在這裡,她無依靠,回不回宮,她的心在掙扎着,她想要的是自由,而她更不想被束縛着。
命運便是如此,你不想的事情,偏偏讓你遇上,你想的卻永遠都得不到。
“你這是要上哪?”是樓弘宇的聲音,而她不看也知道,他的身邊站的是蘭素素。
納蘭白衣繼續走着,漫無邊際的走着,這裡好象沒有盡頭,不管她如此走,都看不到黎民的曙光……

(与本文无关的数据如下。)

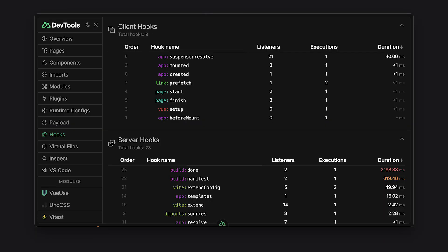The hooks tab gives you an overview of all hooks and lifecycles in order. This tab can be very useful for testing performance and monitoring at which point your app is behaving slow and where the bottleneck is.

她聽到身後的腳步聲,是蘭素素,還是樓弘宇?她不知道,也不想知道,她只想走出去,只想離去,離開樓蘭就好,離開就好。
這裡的血腥,讓她害怕,想到今日神獸的待遇,她便心寒……更多的是心痛。
“朕命令你站住……”樓弘宇的聲音響起,聲音裡有些着急,有些發怒。
他着急什麼?蘭素素不是在他身邊嗎?他發什麼怒?他走自己的路便是了,她什麼也不是,什麼也不是。
“你憑什麼命令我?”納蘭白衣停住了腳步,卻沒有回頭。
她不想看到那個在今日,命令衆人屠殺神獸的主,雖然他一直說要活抓,可是,一個活生生的動物,要怎麼活抓?你抓便是對它有敵意,而它則會逃,傷害是有的,而是生是死,未知數,他如此殘忍的讓衆人捕抓,他居然還是堂堂的聖上,高高在上的帝皇。
她恨,她討厭。
(本章完)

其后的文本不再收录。